Let’s Talk Headlines!
As advertising’s 422nd most authoritative copy-based blogger in the North London area, I’m often asked what my favourite headline is.
Well, they’re like children (other people’s children, obviously), so asking me to single out one amongst the many mewling, puking ankle-biters is an almost impossible request.
Anyway, it’s a Waterstones headline that Nigel Roberts wrote in 1998 (part of a campaign that won a Pencil for Copy in 1999):
Why learn from your mistakes when you can learn from someone else’s?
The reasons why it’s so good are manifold: it articulates an elegant truth that I had never seen anyone bring to life before; it’s a classic sentiment that will be appropriate forever; it makes you think about something that affects virtually every single thing you do, but does so in a way that feels warmly gentle rather than harshly didactic; it is 100% appropriate to the client and its products, but at the same time applies to millions of other instances of the benefits of learning; in the space of twelve words, it actually encourages you to read more.
Thanks, Nigel.
Others that spring to mind?
This is a doggy bag. It contains a dead doggy. (RSPCA, David Abbott 1989).

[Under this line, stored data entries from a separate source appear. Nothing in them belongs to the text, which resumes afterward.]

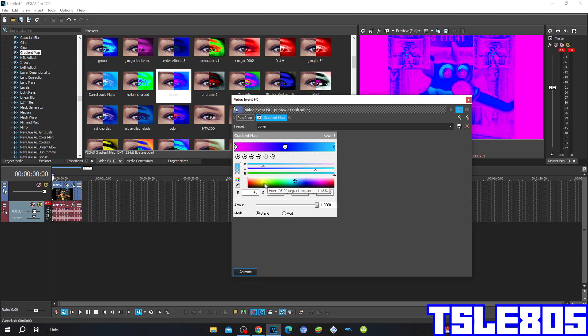And for the 2, the 2 is R is 45, G is 199, B is 255, and A is 255.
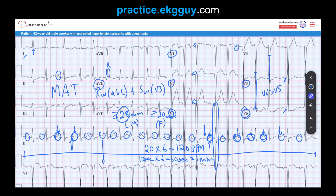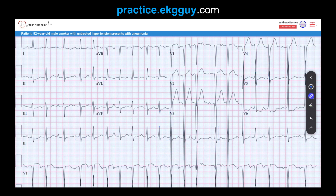Other criteria not met here involve limb leads: lead I requires at least 14 mm and aVL at least 12 mm. Another commonly used criteria uses precordial voltage: take the largest S-wave in the right precordial leads (V1 or V2) and add it to the largest R-wave in V5 or V6. For adults over 40, the sum must be greater than 35 millimeters.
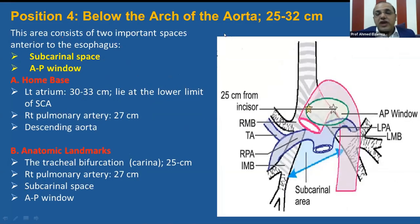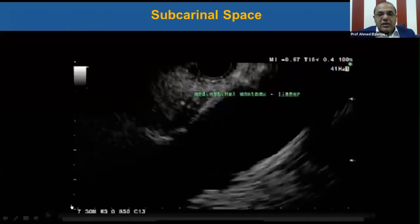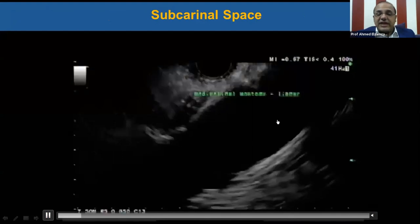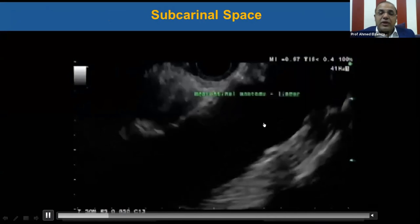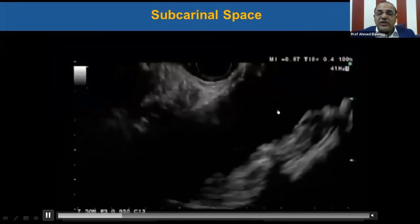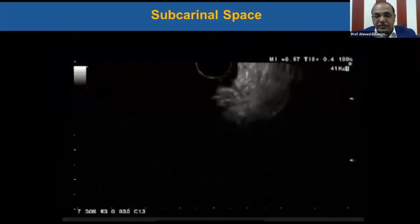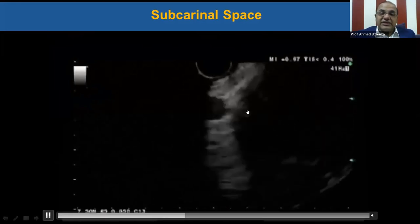Position 4 is below the arch of the aorta, 25 to 32 centimeters, including two important spaces anterior to the esophagus: the subcarinal space and the aortopulmonary window. The subcarinal space can be achieved by tracing the descending aorta from the gastroesophageal junction and withdrawing the echo scope upward, then clockwise or anti-clockwise rotation of 180 degrees to make the probe face anteriorly. We will find a large anechoic structure — difficult to miss — this is the left atrium.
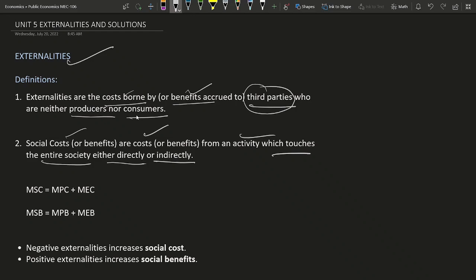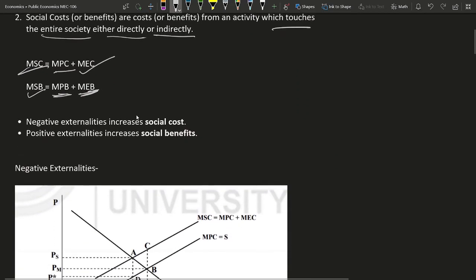Marginal social cost equals marginal private cost plus marginal external cost. Similarly, marginal social benefit equals marginal private benefit plus marginal external benefit. Negative externality increases social cost, and positive externality increases social benefits.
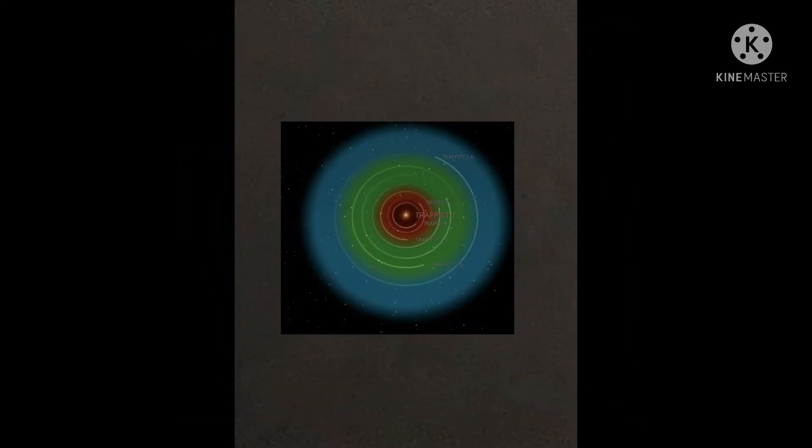My name is TRAPPIST from the Aquarius constellation. I'm a red dwarf star. You're different than your sun. I have at least seven orbiting planets. Three that could have life on them, which means you might have neighbors. You would call them aliens.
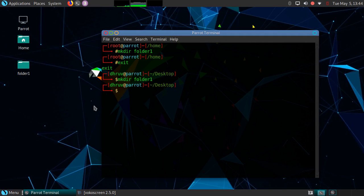Suppose we want to increase the complexity of the name. Let's try: mkdir space Linux and Windows.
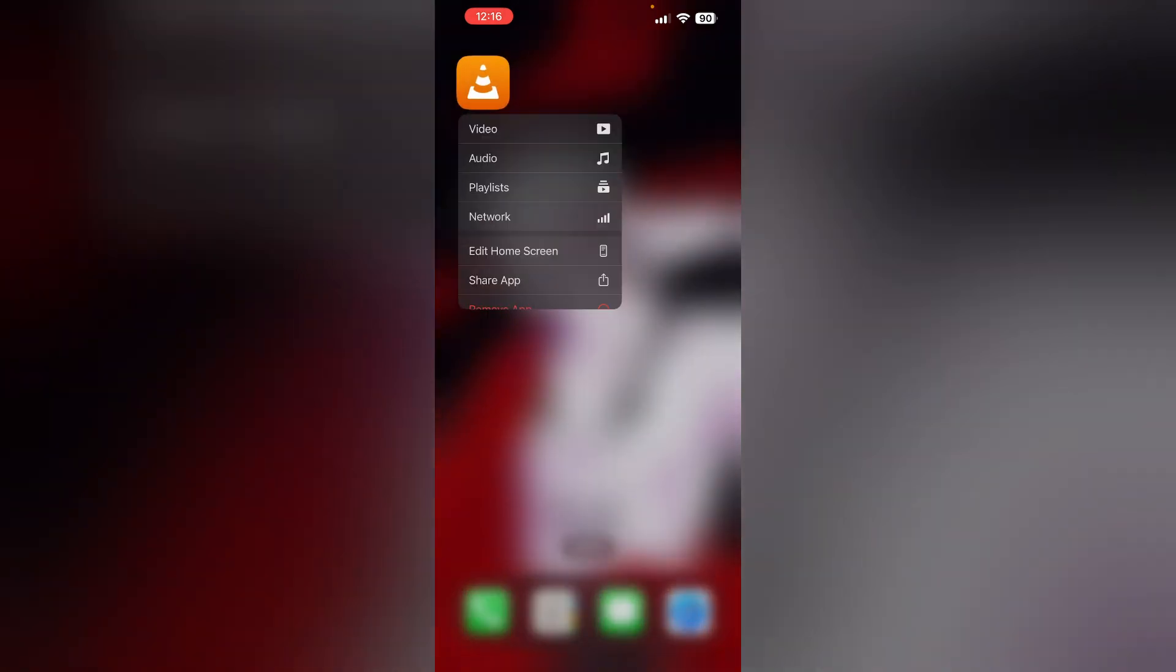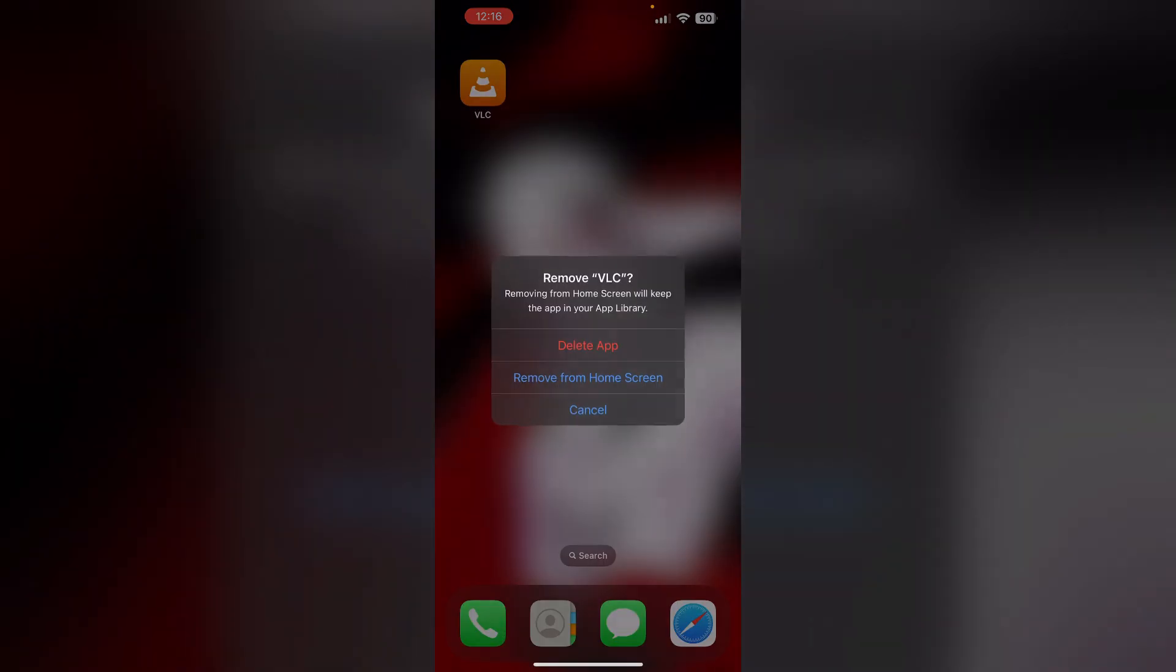You can also try uninstalling and reinstalling the app. To uninstall the app, long press the app, click on 'Remove app', then select 'Delete app'. This will uninstall the app from your device.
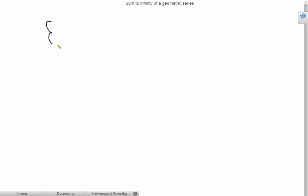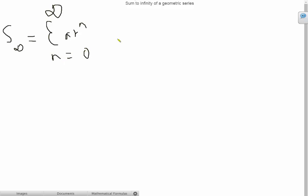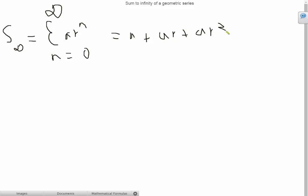Let's say let S∞ equal the sum of a r raised to n from n equals 0 to n equals infinity. If we expand this, for n equals 0 we get a, for n equals 1 we get ar, for n equals 2 we get ar squared, and so on.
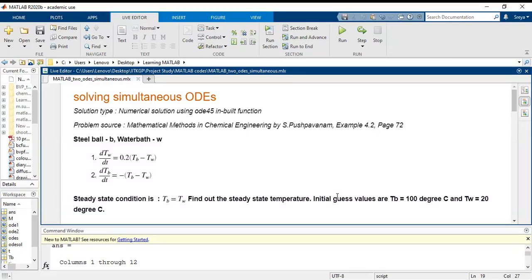Hello everyone, today we are going to learn how to solve simultaneous ordinary differential equations using the MATLAB inbuilt function ODE45.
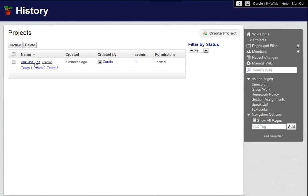Because I didn't want some of my students to have an advantage over the others, I set the permission on every team in this project to Locked.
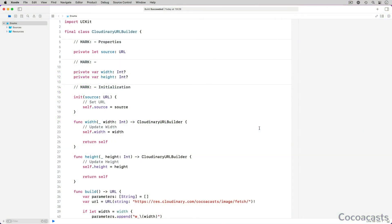In From Zero to App Store, I show you how to use the builder pattern to generate a Cloudinary URL from a source URL. Cloudinary is a service that manipulates and transforms media, including images. We use Cloudinary to size and convert images fetched from a remote server.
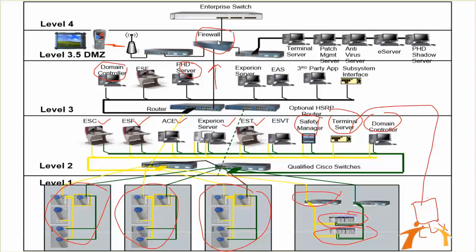Finally, you can feed this data after passing it through a firewall to your enterprise switch, and the enterprise switch can connect many ERPs or other applications here at your network. So this is the Experion PKS architecture.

A table for two? Certainly you old trout. (Linguaphone, Tim Delaney 1987).
Somewhere in this picture 2nd lieutenant Eric Heaton lies dying (Imperial War Museum, Indra Sinha 1985).
’66 was a great year for English football. Eric was born. (Nike, Giles Montgomery, 1994)
The loneliest place in the world is the edge of a conversation (The Economist, David Abbott).
Of course, there are hundreds of others.
If I were Scamp, I’d ask you for your own suggestions.